Oleh Fajar Sidiq Sukirnanto
Sihir mutahir kini kita jumpai karya seni di ruang publik, kembali menyoal kehadiran seni berbasis art market yang tampilan sungguh mengundang selera dari sudut pemahaman nilai estetika yang lain.
Bungkus seni dalam dinamika kekinian hadir dalam perhitungan investasi benda bernilai seni bahwa kebaharuan dan karya seni kekinian adalah kita mengenal jejak rekam jauh meninggalkan aspek luhur dari seni diagungkan dihormati di masanya dan bukan produk dagangan, persembahan yang terberi.

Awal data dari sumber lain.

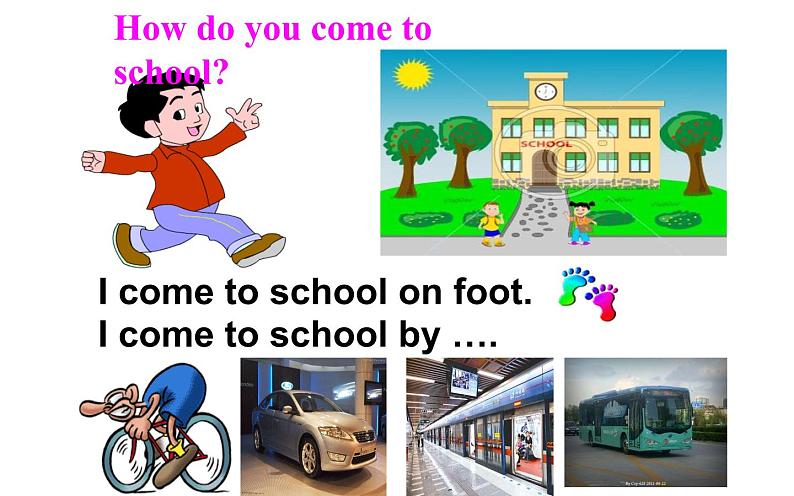 六年级英语上册课件- Unit2 Ways to go to school -人教PEP版.05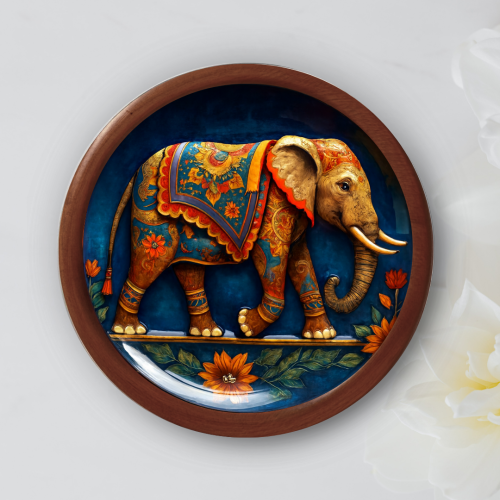 Royal Lotus Elephant Wooden Wall Plate - Image 1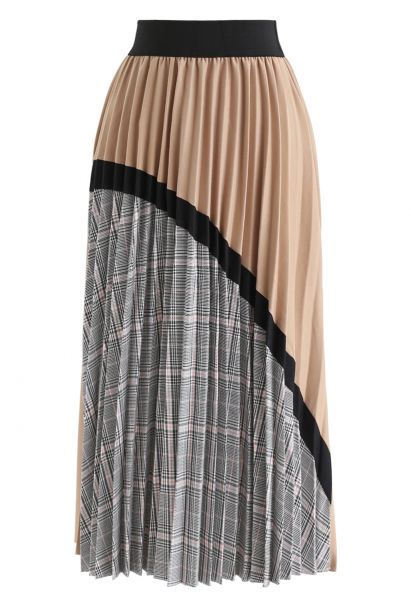 Plaid Splicing Pleated Midi Skirt in Tan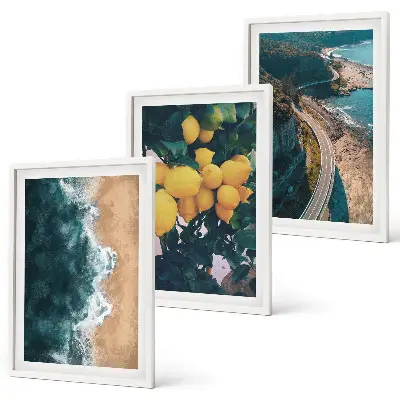 Gerahmtes Bilderset mit Motiven von Meer Strand Zitronen und Bergen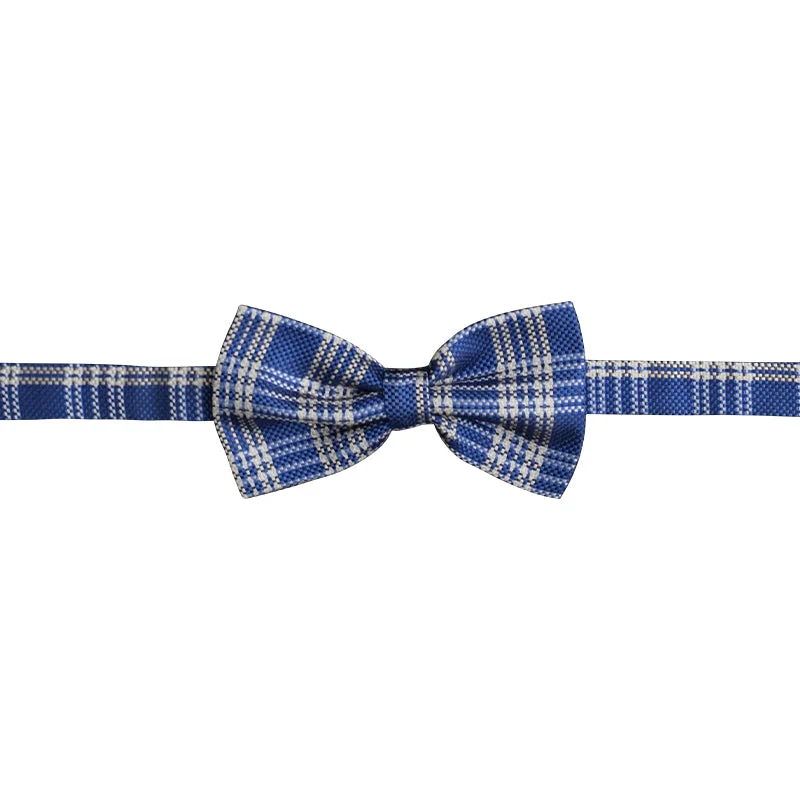 Blue and white plaid bow tie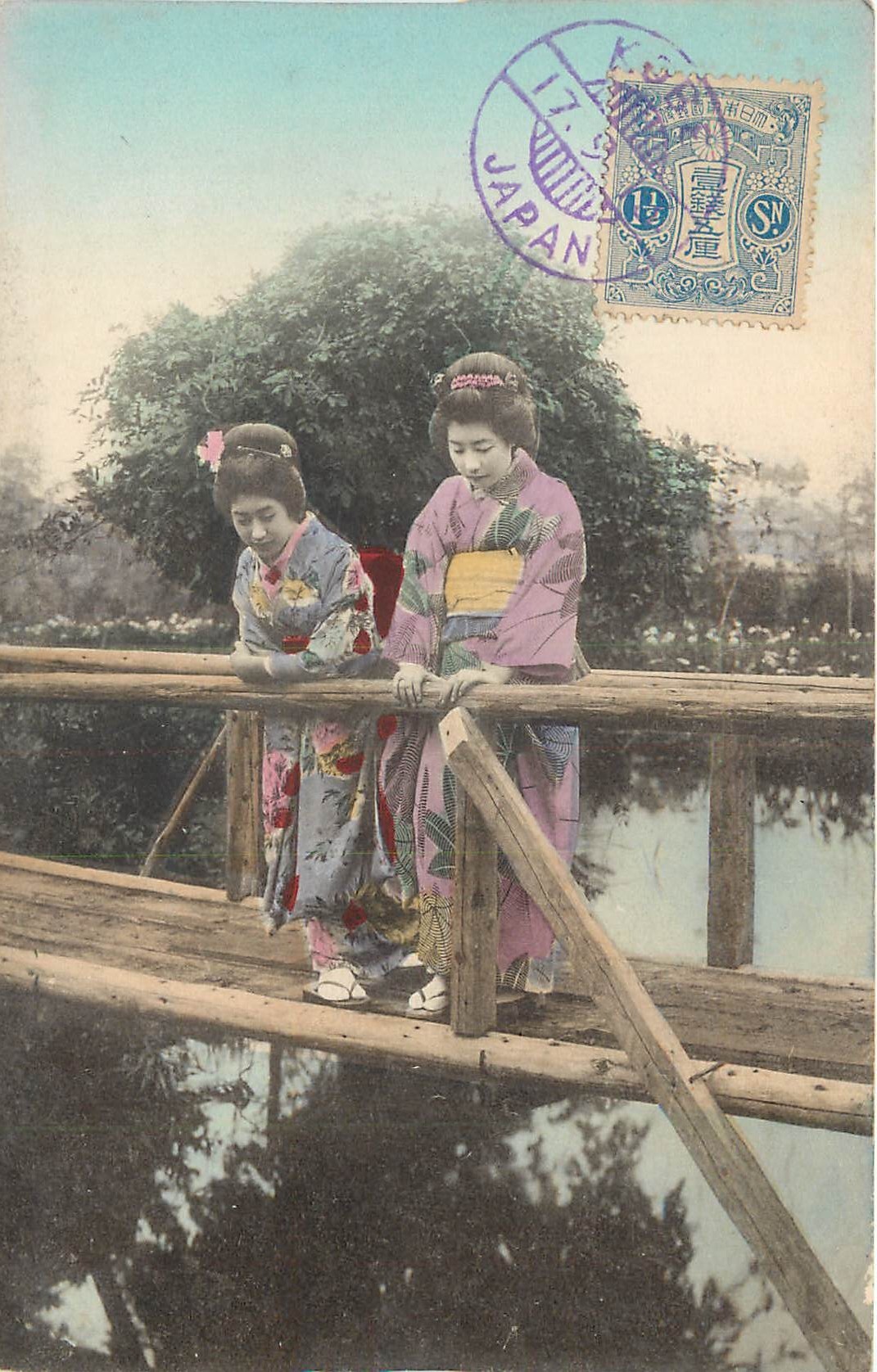 Japon Japan KOBE Geisha sur Passerelle 1914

Ada kemungkinan ruang tumbuh yang tidak bisa diabaikan karena, jalan eksistensi kreator semakin dipertaruhkan di dalam ekspresi dan eksplorasi medium, jalan ini menjadi jaminan kreator milennial untuk menyentuhnya, mengambil posisi terdepan, sejak dibukanya kehdidupan industri seni pasca pandemi covid yang mengharukan itu.
Kesempatan dan peluang ruang tumbuh inilah yang menjadi peluang para spekulan seni, melihat iklim kesenian menempati arus utama, di dalam industri seni dan para pebisnis menjalankan roda usahanya mengambil sisi keberuntungan sebagai peluang, maka bersegeralah infrastruktur dibangun untuk arah pelegalan itu, pijakan tidak lagi mengandalkan parameter lama sebagai penentu eksistensi seperti Galeri Nasional dulu sebagai penjaga marwah seni budaya Indonesia.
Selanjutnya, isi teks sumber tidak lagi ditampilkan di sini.